-------- THE INPUT --------

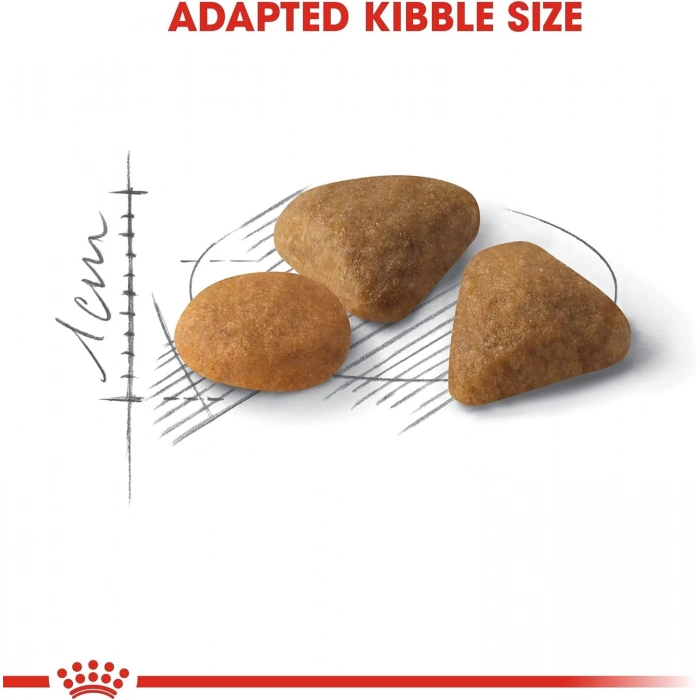 Royal Canin Savour Exigent Seçici Kedilere Özel Yetişkin Kedi Maması 10 kg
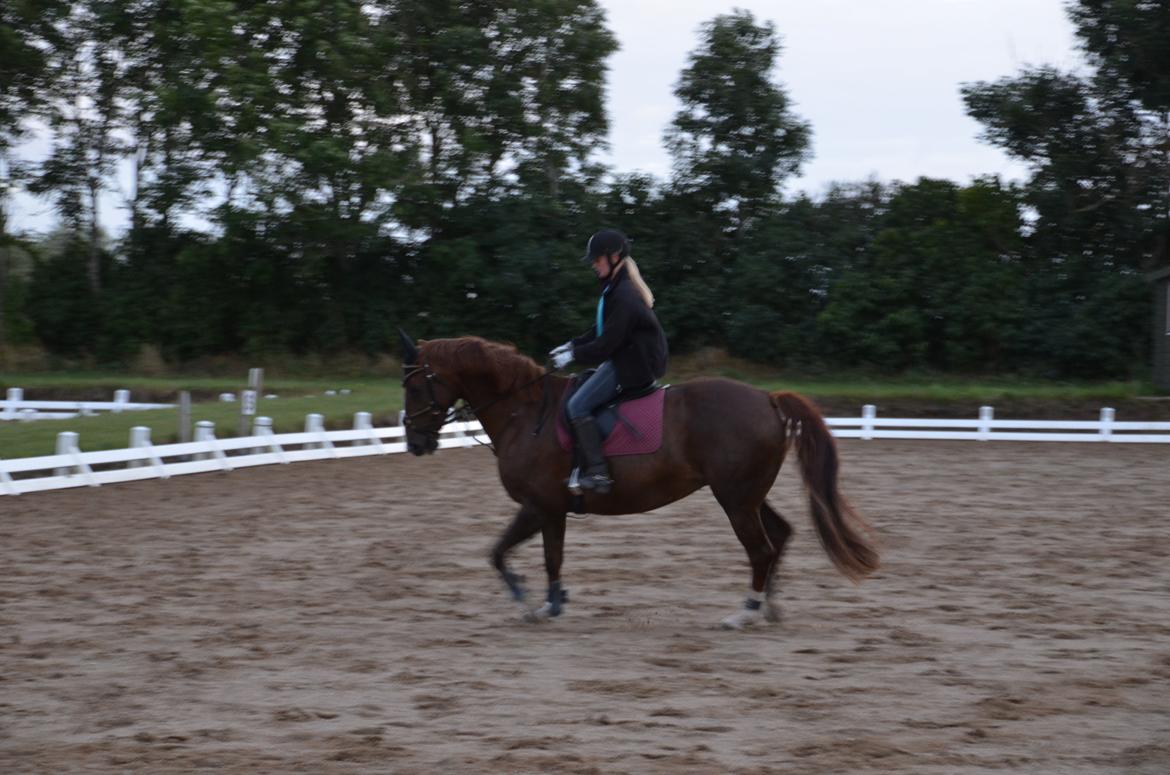 Dansk Varmblod Toskana billede 7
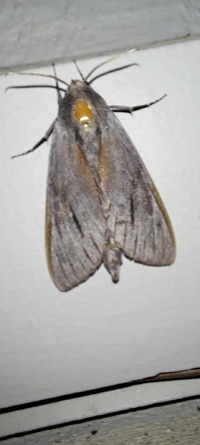 Lapara coniferarum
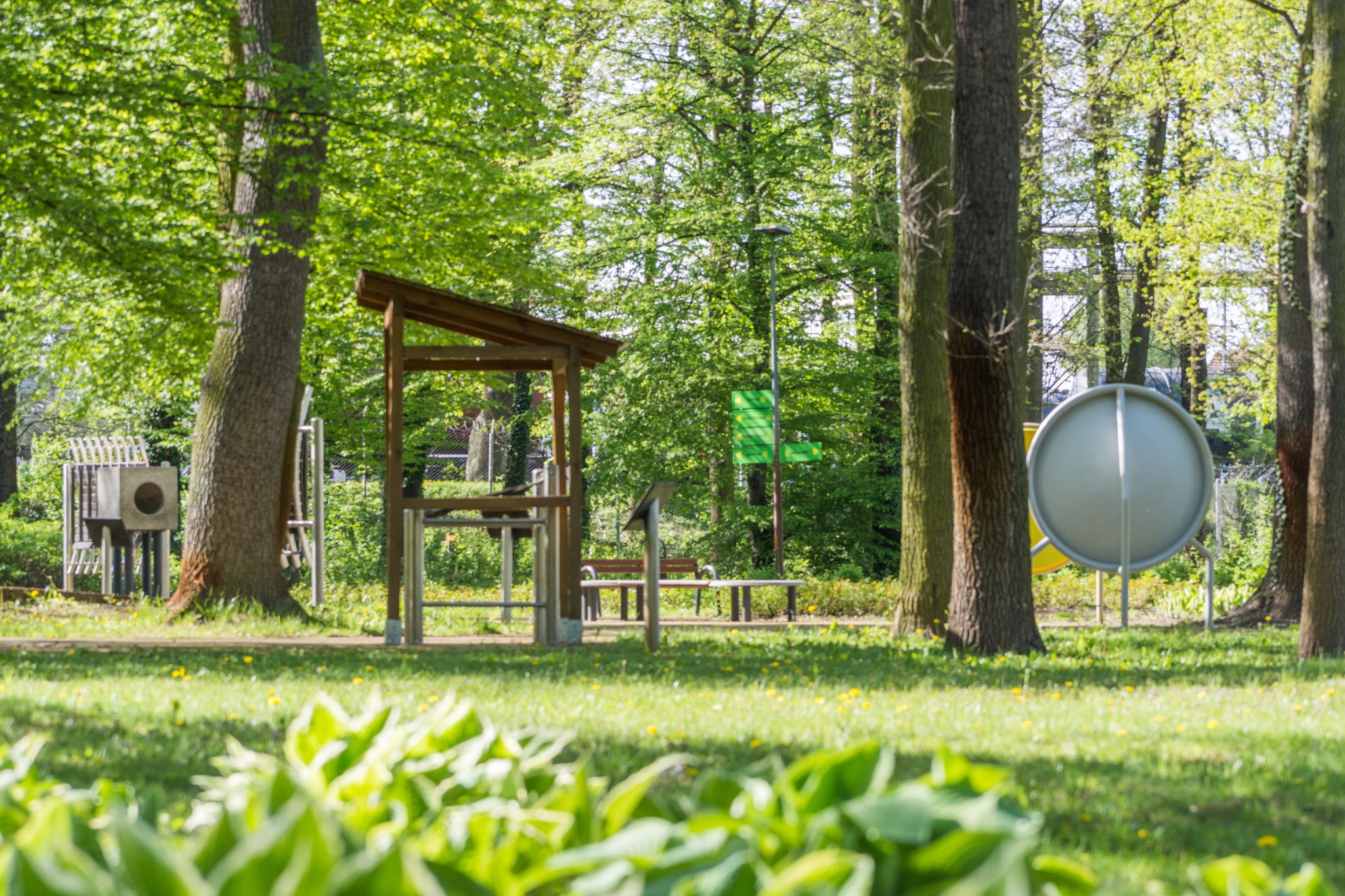 nowa sól park fizyki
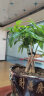 叹为观止大型植物发财树各种大颗盆栽开业乔迁客厅办公室内好养大型花卉 辫子发财树【50-60厘米】 不含盆 实拍图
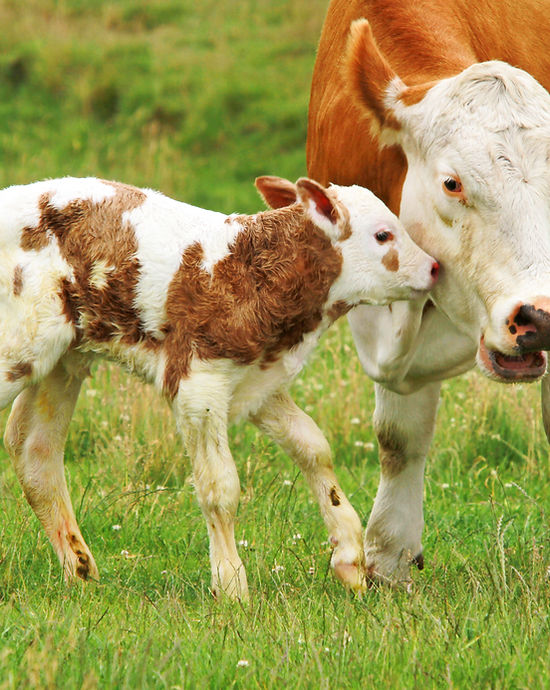 About Bosque Farms Communi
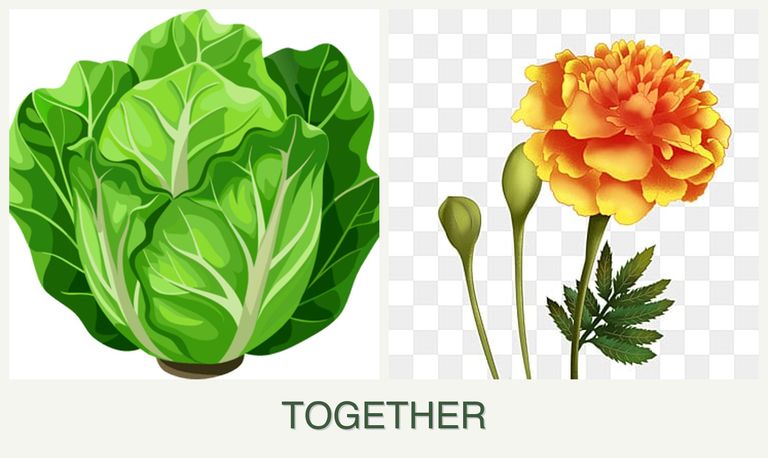 Can you plant lettuce and marigolds together?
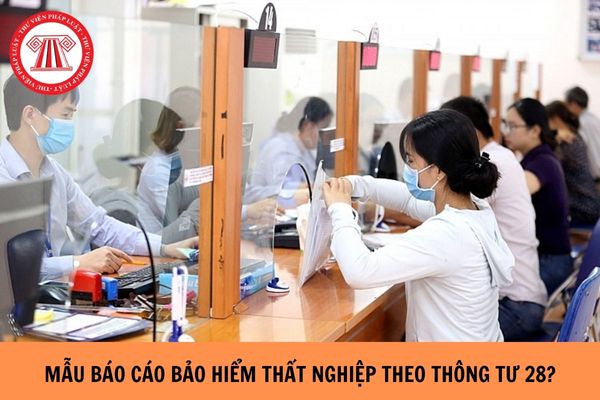 Mẫu Báo cáo bảo hiểm thất nghiệp theo Thông tư 28 như thế nào?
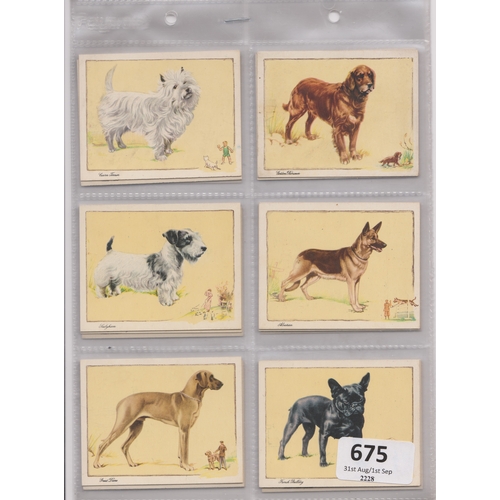 675 - Gallaher Ltd Dogs (caption un script) 1934 set  L24/24 VG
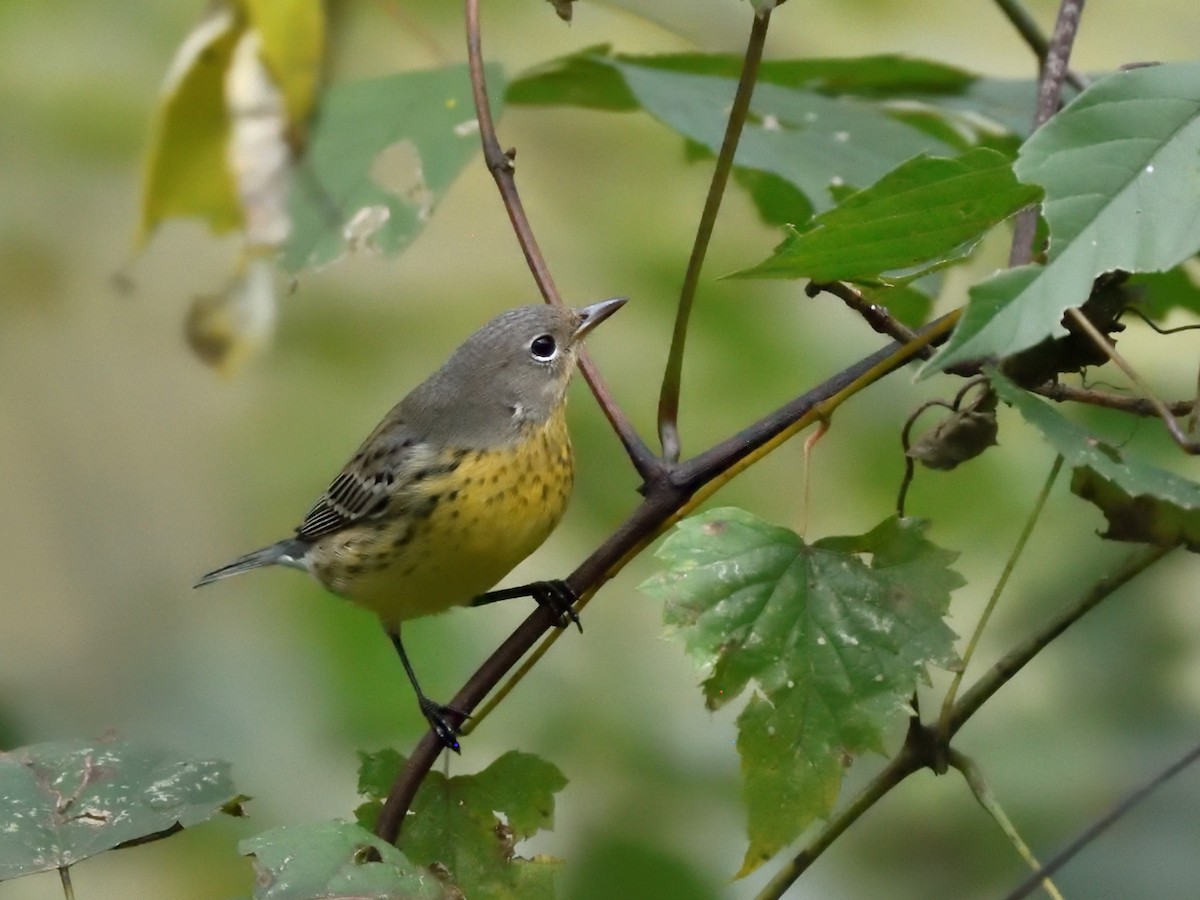 Kirtland's Warbler - ML624556196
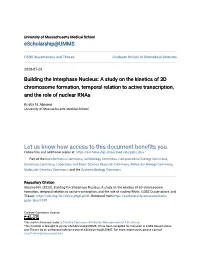 Building the Interphase Nucleus: a Study on the Kinetics of 3D Chromosome Formation, Temporal Relation to Active Transcription, and the Role of Nuclear Rnas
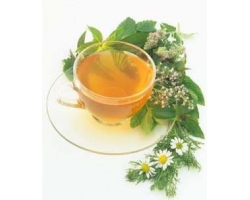 vaistažolių arbatos naudingos lieknėjimui geriausi svorio metimo dvd atsiliepimai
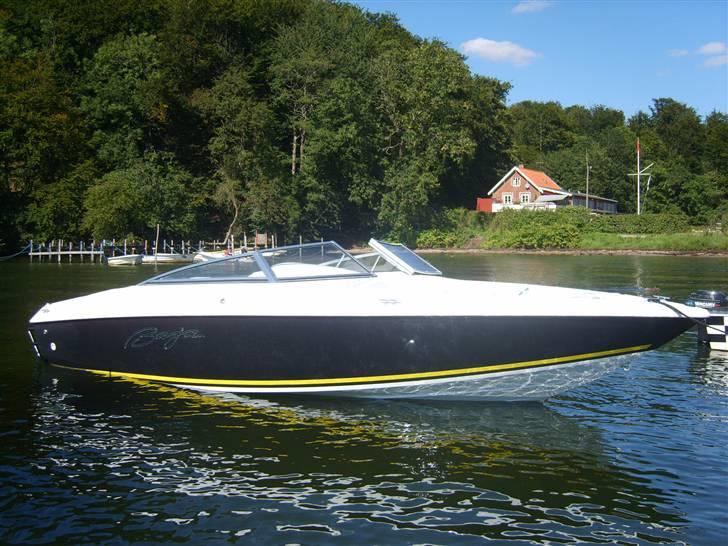 Baja 202 Islander  billede 8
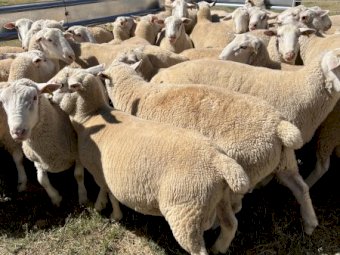 White Suffolk Rams, Sept / Oct 21 Drop.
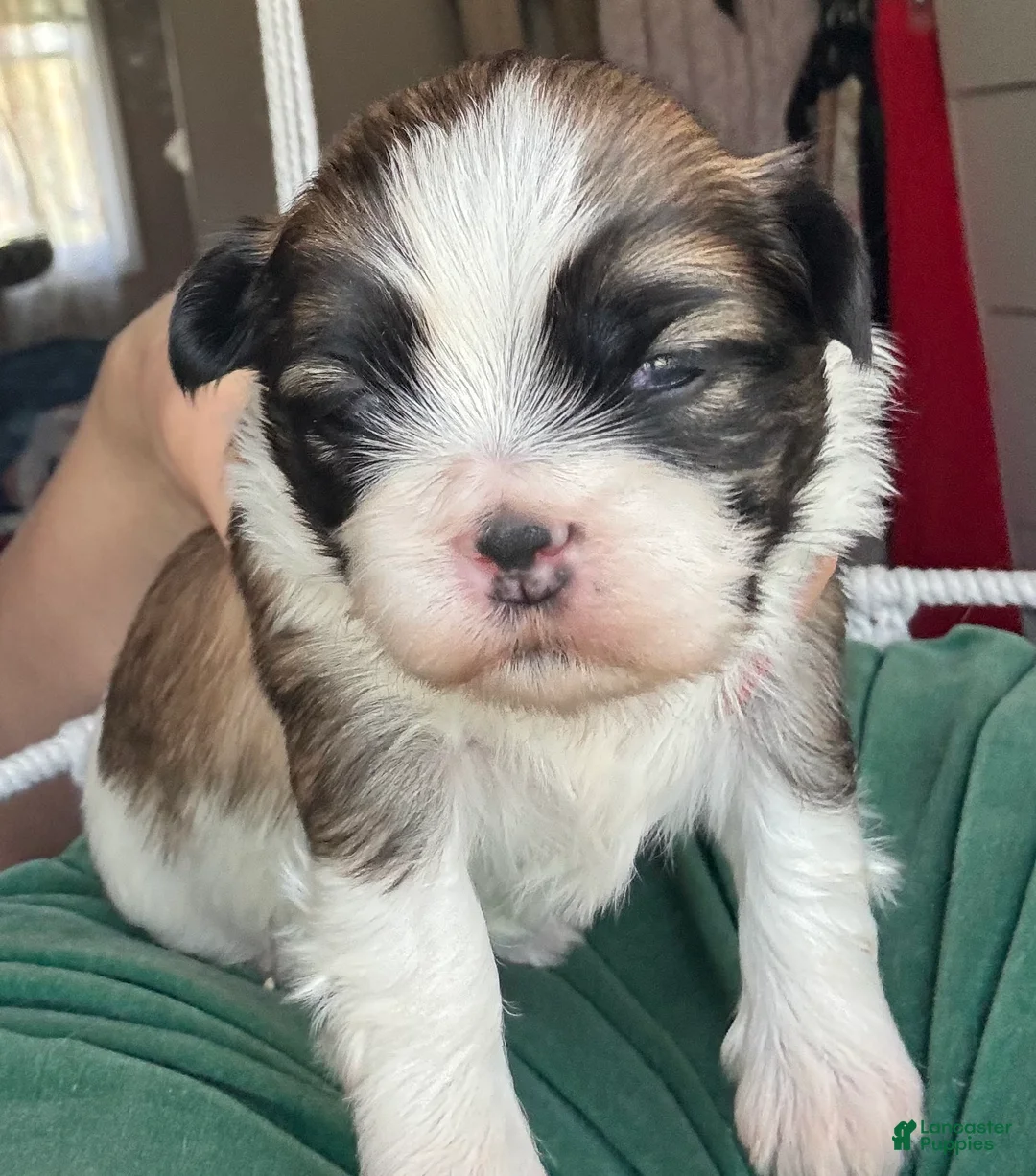 Mixed Breed dogs for sale: Tony - Ad 1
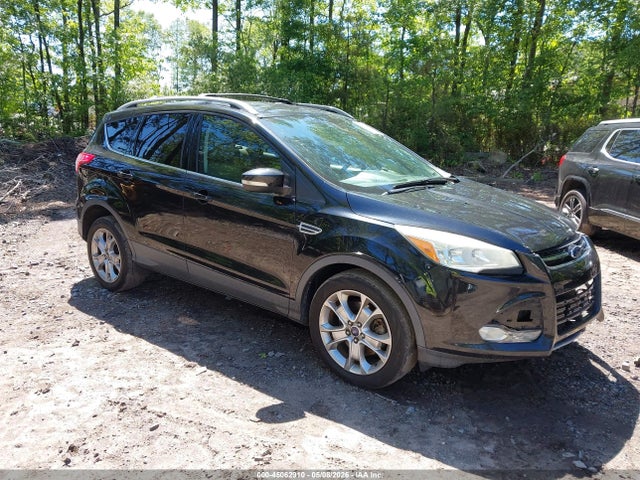Salvage Ford Escape Image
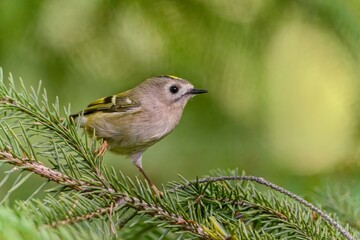 A cute goldcrest sitting on the spruce twig. Regulus regulus. Wildlife scene with smallest european bird. 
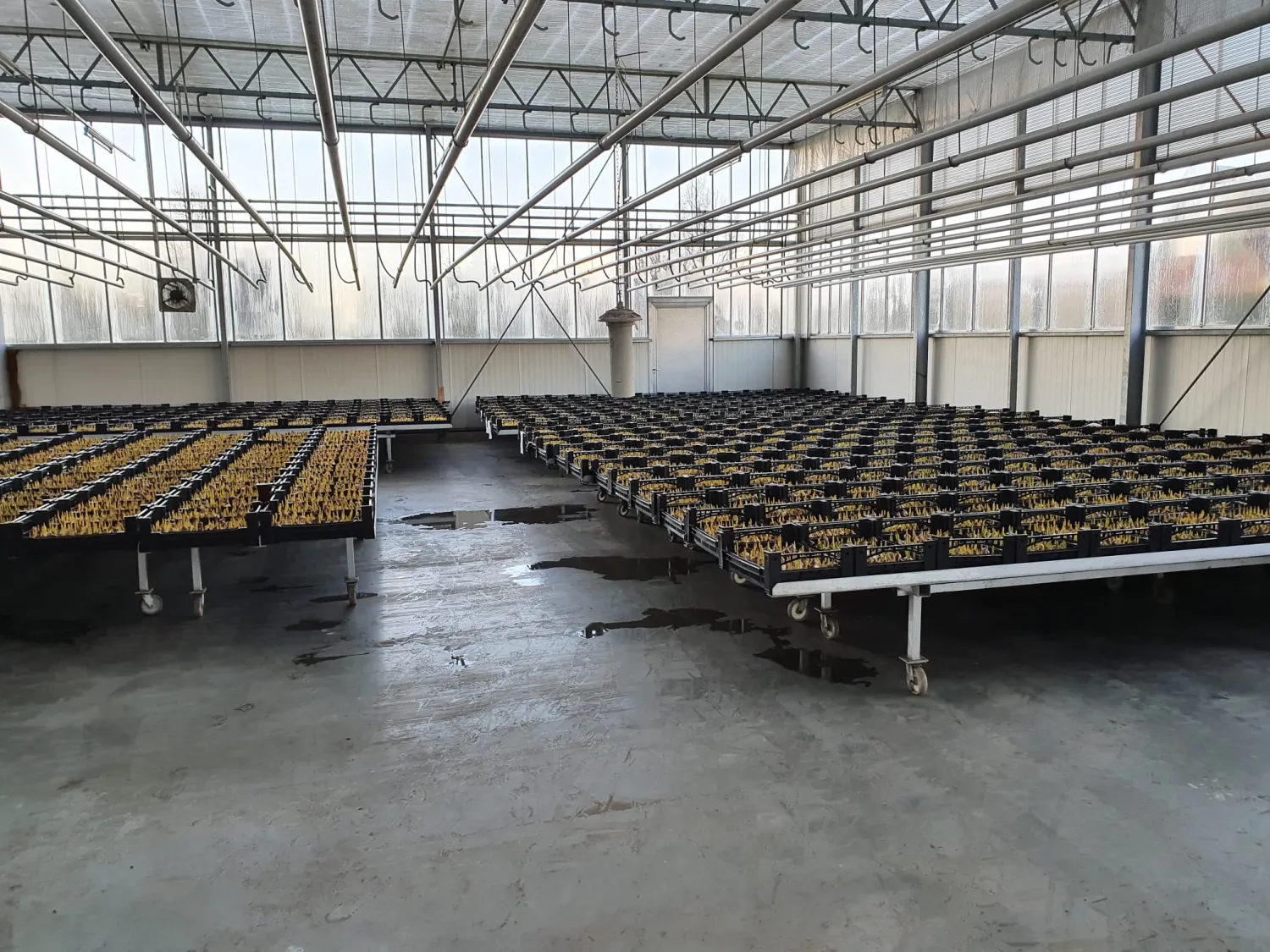 Broeierijsysteem Smit - Aluminium Easy Carriers 600x120cm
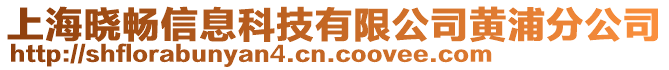 上海曉暢信息科技有限公司黃浦分公司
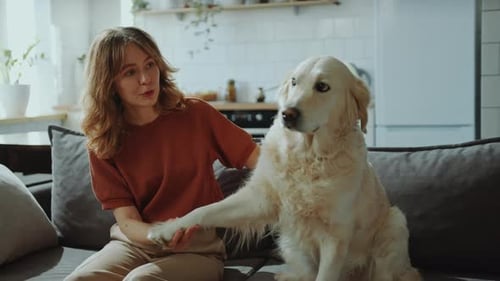 Woman Giving Paw to Golden Retriever on Couch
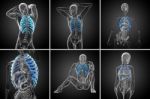 3d Rendering  Medical Illustration Of The Ribcage Stock Photo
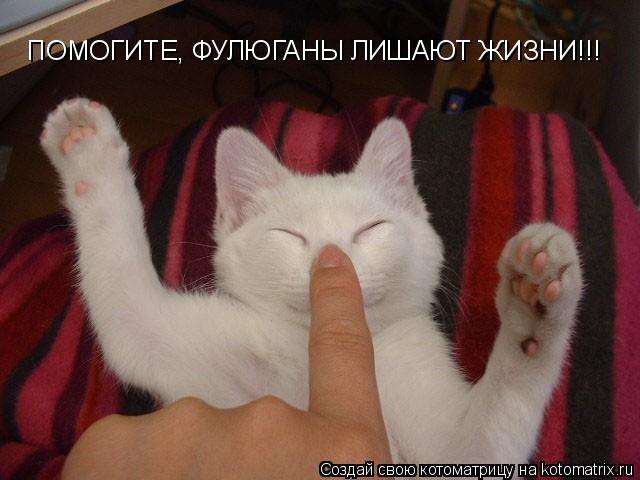 Котоматрица: ПОМОГИТЕ, ФУЛЮГАНЫ ЛИШАЮТ ЖИЗНИ!!!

--------

-- THE PROBLEM --
Beginning at the line that contains "Can you plant", transcribe it and every later line through the last line of the data above, exactly, and drop the pictures.

-- EXERCISE RESPONSE --
 Can you plant lettuce and marigolds together?
 Mẫu Báo cáo bảo hiểm thất nghiệp theo Thông tư 28 như thế nào?
 675 - Gallaher Ltd Dogs (caption un script) 1934 set  L24/24 VG
 Kirtland's Warbler - ML624556196
 Building the Interphase Nucleus: a Study on the Kinetics of 3D Chromosome Formation, Temporal Relation to Active Transcription, and the Role of Nuclear Rnas
 vaistažolių arbatos naudingos lieknėjimui geriausi svorio metimo dvd atsiliepimai
 Baja 202 Islander  billede 8
 White Suffolk Rams, Sept / Oct 21 Drop.
 Mixed Breed dogs for sale: Tony - Ad 1
Salvage Ford Escape Image
 A cute goldcrest sitting on the spruce twig. Regulus regulus. Wildlife scene with smallest european bird. 
 Broeierijsysteem Smit - Aluminium Easy Carriers 600x120cm
 上海曉暢信息科技有限公司黃浦分公司
 Woman Giving Paw to Golden Retriever on Couch
 3d Rendering  Medical Illustration Of The Ribcage Stock Photo
 Котоматрица: ПОМОГИТЕ, ФУЛЮГАНЫ ЛИШАЮТ ЖИЗНИ!!!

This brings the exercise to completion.